THe Orioles recorded extensively for Jubilee. There was a LP boxed set on Murray Hill, and later a CD box on Bear Family. Their recordings were polished and professional, while the performance on this set is rather loose, and offers a more accurate example of how they really sounded.

Here are the original versions of two of their biggest hits:

Posted

Sunenblick makes this claim, which I had never really considered before:

Unfortunately, no live recordings of a black vocal group's appearance has ever surfaced, except for a handful of tracks by the Ravens and while lots of "lost" jazz performances eventually are found, the same cannot be said of this genre.

First of all, what are these Ravens things (I love The Ravens), and is this to be taken as literally true, or is it one of those relative/appears to be so/AFAIK things?

"black vocal groups" of the '50s, in the '50s, maybe...the earliest live recordings that pop into my head are early '60s BUT I'm not an expert here. Would love to hear a good live recording of the '5' Royales or the Clovers or the Flamingos, to name just a few.

Posted

I know that Bob Sunenblick has been searching for these recordings for over a decade and this is his first "strike". After his success finding jazz treasures, I suggest it is reasonable to accept his word on the groups search.

Posted

This has been on YouTube for a few months now...sounds like the Sullivan show, and represents just one part of what The Ravens could and did do. Still, seeing something like this and looking for simialar live footage (as opposed to Harlem Hit Parade type stuff) does drive home how only-partially-documented this scene has been.

Posted

This has been on YouTube for a few months now...sounds like the Sullivan show, and represents just one part of what The Ravens could and did do. Still, seeing something like this and looking for simialar live footage (as opposed to Harlem Hit Parade type stuff) does drive home how only-partially-documented this scene has been.

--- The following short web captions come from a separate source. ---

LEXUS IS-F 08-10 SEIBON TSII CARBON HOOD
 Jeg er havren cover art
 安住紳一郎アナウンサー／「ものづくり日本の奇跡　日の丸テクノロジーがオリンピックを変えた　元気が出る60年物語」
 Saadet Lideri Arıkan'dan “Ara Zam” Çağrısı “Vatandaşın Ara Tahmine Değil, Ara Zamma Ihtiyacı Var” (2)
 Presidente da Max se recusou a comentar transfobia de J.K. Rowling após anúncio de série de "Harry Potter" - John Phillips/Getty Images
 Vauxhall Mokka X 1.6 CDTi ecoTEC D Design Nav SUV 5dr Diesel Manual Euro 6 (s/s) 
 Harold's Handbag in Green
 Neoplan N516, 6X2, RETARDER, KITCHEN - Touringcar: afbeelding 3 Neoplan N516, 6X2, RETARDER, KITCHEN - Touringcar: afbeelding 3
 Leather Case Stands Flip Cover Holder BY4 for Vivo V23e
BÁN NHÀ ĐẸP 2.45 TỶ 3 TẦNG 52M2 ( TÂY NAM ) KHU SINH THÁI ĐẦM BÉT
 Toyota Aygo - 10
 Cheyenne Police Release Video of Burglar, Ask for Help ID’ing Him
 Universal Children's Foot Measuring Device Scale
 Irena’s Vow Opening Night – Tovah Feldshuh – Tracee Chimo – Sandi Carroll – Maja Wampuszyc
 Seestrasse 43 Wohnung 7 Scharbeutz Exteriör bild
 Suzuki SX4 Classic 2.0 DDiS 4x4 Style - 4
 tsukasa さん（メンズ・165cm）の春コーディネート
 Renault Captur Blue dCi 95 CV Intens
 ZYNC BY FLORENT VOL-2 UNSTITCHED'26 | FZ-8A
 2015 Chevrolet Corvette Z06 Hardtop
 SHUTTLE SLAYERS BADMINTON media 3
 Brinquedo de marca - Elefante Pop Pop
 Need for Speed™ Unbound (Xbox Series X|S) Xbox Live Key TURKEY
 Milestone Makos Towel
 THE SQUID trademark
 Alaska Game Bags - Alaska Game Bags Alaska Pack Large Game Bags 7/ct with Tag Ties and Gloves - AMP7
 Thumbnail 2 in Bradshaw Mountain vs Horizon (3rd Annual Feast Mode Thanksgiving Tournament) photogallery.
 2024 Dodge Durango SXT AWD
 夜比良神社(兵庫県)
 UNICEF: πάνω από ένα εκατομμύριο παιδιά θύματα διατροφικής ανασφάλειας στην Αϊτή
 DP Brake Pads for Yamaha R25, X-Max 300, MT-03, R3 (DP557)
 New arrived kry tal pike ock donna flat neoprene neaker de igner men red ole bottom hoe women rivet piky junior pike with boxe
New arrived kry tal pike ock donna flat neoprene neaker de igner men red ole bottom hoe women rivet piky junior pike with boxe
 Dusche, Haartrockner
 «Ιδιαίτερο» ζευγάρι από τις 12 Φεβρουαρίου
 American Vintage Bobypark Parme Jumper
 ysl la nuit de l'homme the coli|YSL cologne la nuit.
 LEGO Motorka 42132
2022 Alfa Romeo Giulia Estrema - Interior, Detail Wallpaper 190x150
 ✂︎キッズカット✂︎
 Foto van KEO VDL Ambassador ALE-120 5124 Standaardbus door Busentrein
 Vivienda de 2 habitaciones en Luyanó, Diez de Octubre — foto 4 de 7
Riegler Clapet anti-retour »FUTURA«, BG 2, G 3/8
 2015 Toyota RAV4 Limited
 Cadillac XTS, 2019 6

not live, but what a difference a decade made to the telling of the same (>or<) tail, I first heard the Yardbirds' version.

Posted

What I dig about the Ravens is that they could play it soft top and hard bottom with equal intensity. The whole yin/yang thing,

Soft top:

Hard bottom:

Those guys were just so damn musical. Them, the Orioles, and the Moonglows (and after, them, The Dells) hey, if that's all there was, I would be blissfully contented.

Posted

Flamingos...yeah, but I'm still not sure how much of that zone is just getting lost in the infinite reverb(s)...good place to be lost, though, and those tempos...yeah.

I think that anybody who played or otherwise hung out in African-American bars in the late-40s early 50s knew those Ravens' records. That would be like hanging out in a honky tonk in the 1960s and knowing George Jones records, it was something that just happened by osmosis, ya' know?

Posted

so are we saying the live gospel recordings don't count as live group recordings? I wanna be correct here, if for no other reason than to make Sunnenblck wrong.

call me petty, but call me right.

Posted

so are we saying the live gospel recordings don't count as live group recordings? I wanna be correct here, if for no other reason than to make Sunnenblck wrong.

call me petty, but call me right.

I imagine that the comment refers to secular groups before the 1960s. Otherwise, it makes no sense. There were not many live R&B recordings made in the 50s at all, official or unofficial. James Brown's Live at the Apollo was a revolution in that respect.